I knew a guy who could keep a 3" group at 25 yards with a Walther PPK in .32 caliber.  Should he hunt deer with that gun?   What if he limits his shots to 50 ft or 16 yards and only aims for the head or neck?


----------



## rvick (Nov 4, 2011)

as a tracker, i have "finished off" dozens, if not hundreds, of deer with every caliber, from 22 up. not talking head shots because hunters dont want to mess up mounts. imo, anything less than 357, MAG or SIG, is inadequate. 40 is maybe borderline.


----------



## EMC-GUN (Nov 4, 2011)

.22 Cal. Centerfire and above is GA law. This thread is getting pretty emotional apparently? I will chronograph some .38 loads and then do some FPS figuring.


----------



## SgtPat (Nov 4, 2011)

Rich M said:


> So, you would go and drop $1,000 on a new gun, et al just to shoot a deer?
> 
> I cry fowl.  Use what you have - the .357 was the most powerful handgun for a period.  The .38 special was seen as very usable - even in war.
> Use what you have, just use a heavier bullet and take a good shot.  .38 special, 158 grain soft point, and 25 yards = dead deer no matter where you are or how big it is.
> ...



So was mustard gas, but that doesn't mean you should hunt deer with it.


----------



## SgtPat (Nov 4, 2011)

EMC-GUN said:


> .22 Cal. Centerfire and above is GA law. This thread is getting pretty emotional apparently? I will chronograph some .38 loads and then do some FPS figuring.



Not for handguns.


----------



## GunnSmokeer (Nov 5, 2011)

*Is Too*



SgtPat said:


> Not for handguns.





Well, the e-regulations page for the Georgia D.N.R. website says that IS the legal requirement for either rifle or handgun hunting for deer or bear.

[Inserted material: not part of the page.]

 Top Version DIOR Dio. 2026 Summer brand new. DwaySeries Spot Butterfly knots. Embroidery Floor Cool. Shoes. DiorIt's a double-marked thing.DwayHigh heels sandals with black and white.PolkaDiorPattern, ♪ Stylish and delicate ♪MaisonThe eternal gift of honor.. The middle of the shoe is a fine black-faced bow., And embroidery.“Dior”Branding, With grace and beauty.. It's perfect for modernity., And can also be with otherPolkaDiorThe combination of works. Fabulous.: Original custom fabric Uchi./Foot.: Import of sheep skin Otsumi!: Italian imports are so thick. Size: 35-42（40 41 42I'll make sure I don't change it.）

QUOTE:  _Deer & Bear Firearms

•Modern Rifles and Handguns: Centerfire Only, .22-cal. or larger with expanding bullets. 

•Shotguns: 20-gauge or larger loaded with slugs or buckshot. Buckshot is not allowed on WMAs, unless otherwise specified.

•Muzzleloaders: .44-cal. or larger, or muzzleloading shotguns 20 gauge or larger. Scopes are legal.

•Primitive Weapons: Legal weapons during primitive weapons season include crossbows, bow and arrow, and muzzleloading firearm. Scopes are legal. _

But by this legal standard, a lot of small caliber pocket pistols would be legal to hunt deer with.  We're not just talking about finishing off a wounded deer at point-blank range.  Actual hunting from a distance, maybe across a corn field from a blind. It's legal to take that shot with a Kel-Tec 9mm with a 3" barrel and a long heavy double action trigger.  It's legal to take the shot with a Baby Browning .25 acp with a Winchester 50-grain hollowpoint.
I hope people hold themselves to a higher standard than what is "legal" under the law as it exists today.


----------



## redlevel (Nov 5, 2011)

EMC-GUN said:


> I have a bullet mold that will drop a 170gr. bullet in .358 caliber (.38 special/.357 Mag). Also have one that will frop a 190gr. wide flat nose in the same caliber. Get either one of these going around 900-1000 FPS and you will have a very dead deer. Practice practice practice and you will flatten a deer out with a  .38 special. Anyone that thinks other wise I would have to question their knowledge of guns, ballistics and skill level.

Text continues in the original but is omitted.